Former Nigerian President Olusegun Obasanjo has disclosed that the Nigerian National Petroleum Corporation (NNPC), now rebranded as NNPC Limited (NNPCL), declined a $750 million proposal from businessman Aliko Dangote to manage the nation’s refineries.
Obasanjo recounted that during his administration, he sought external expertise to rehabilitate and operate Nigeria’s ailing refineries. After Shell declined the offer due to concerns over corruption and operational inefficiencies, Dangote assembled a team and offered $750 million for a public-private partnership to manage the facilities.
Despite acknowledging its limitations in effectively running the refineries, NNPC rejected Dangote’s proposal, asserting its capability to manage the operations. Obasanjo expressed frustration over this decision, noting that the refineries continued to underperform, leading to increased fuel importation and economic losses.
This revelation comes amid ongoing discussions about Nigeria’s energy sector and the role of private investment in revitalising critical infrastructure.

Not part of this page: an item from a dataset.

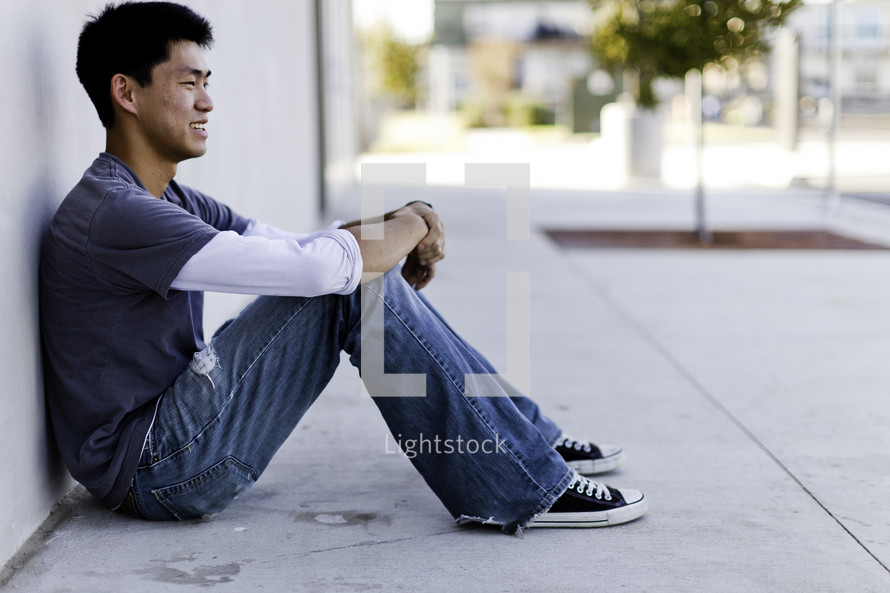 profile of a man sitting on a sidewalk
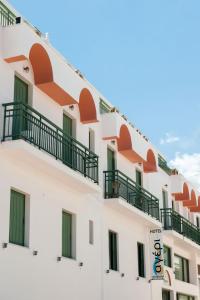 提诺斯Ageri Hotel的带阳台的建筑和酒店标志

The Dangote Refinery, a separate venture by Aliko Dangote, which has become Africa’s largest oil refinery, with a capacity of 650,000 barrels per day. And aims to reduce Nigeria’s dependence on imported petroleum with the recent re-commencement of the Port-Harcourt and Warri Refineries by NNPCL.
Obasanjo’s account underscores the challenges Nigeria has faced in managing its oil resources and the missed opportunities for public-private partnerships that could have enhanced efficiency and profitability in the sector.